First things first, heat the grill and pick the correct vegetable! Don’t put pea shoots on the grill – you’ll need something sturdy. Asparagus, corn, eggplant, sweet potatoes, mushrooms, peppers, onions, and greens like lettuce or cabbage do well on the grill.
Next, use some oil. We don’t want our vegetables to dry out, so make sure to toss them with a bit of oil before placing them on a grill. This will also help your seasonings stay on as you rotate them over the heat.
Since vegetables are all created differently, some take longer to cook over others. Dense veggies (like sweet potatoes) will take longer than say, asparagus. We don’t want to keep them on high heat for too long, as the outside will char while the inside will stay undercooked. Sear the vegetables over high heat, flip once, and then move them to indirect heat to finish cooking.

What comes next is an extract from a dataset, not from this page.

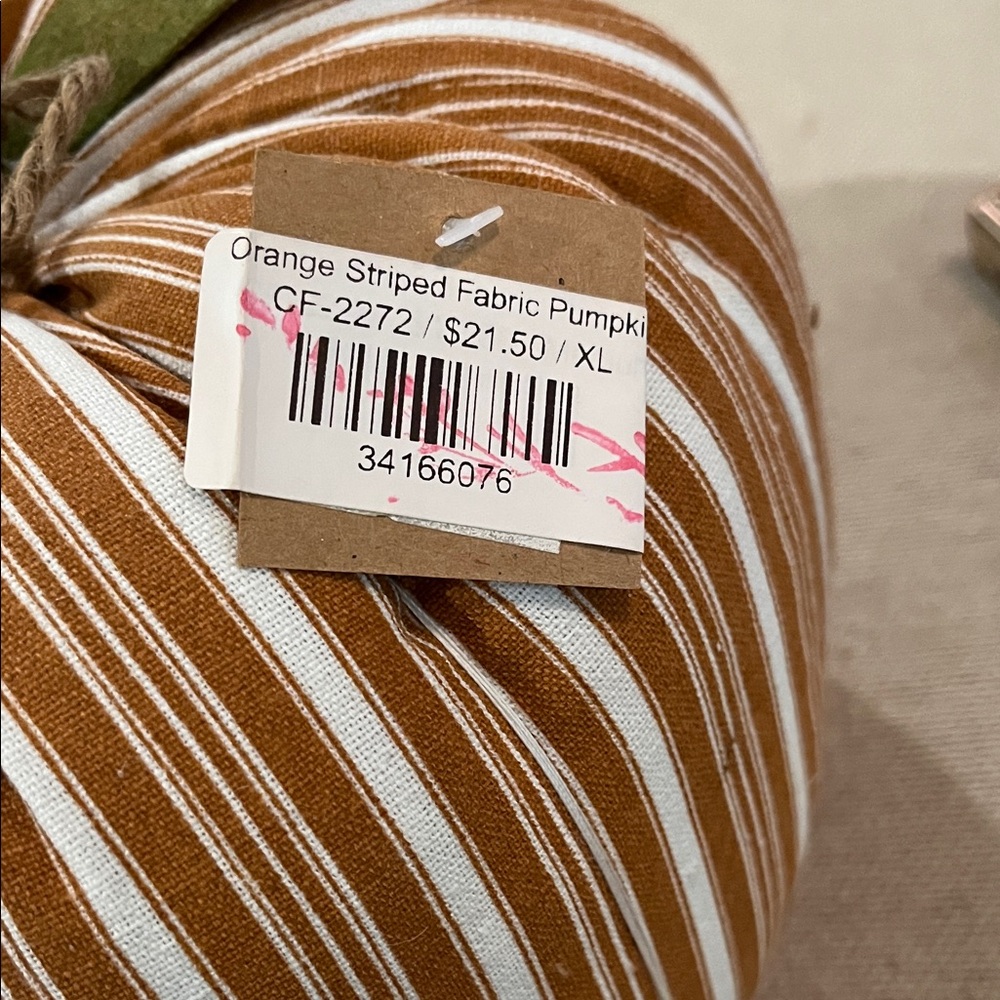 Orange Striped Fabric Pumpkin/NWT/XL - Picture 3 of 7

Don’t make a mess! Use a wire basket or some foil to keep the smaller vegetables from rolling away. Skewers work well, too. We like making foil packets so that the vegetables cook quickly – and the easy clean up is a huge time saver! Place a large piece of foil on the counter and lay sliced vegetables on it. Don’t put too many, they will still need room to breathe. Leave a 2 inch border around the sides and place another piece of foil on top. Fold up the sizes, making a packet. Once you place it on the grill (indirect heat), let it sit for 12-15 minutes or until tender.
Think about the chop. The size that you chop your vegetables will effect your cooking time. Make sure to use a uniform size for each vegetable so that they finish cooking at the same time.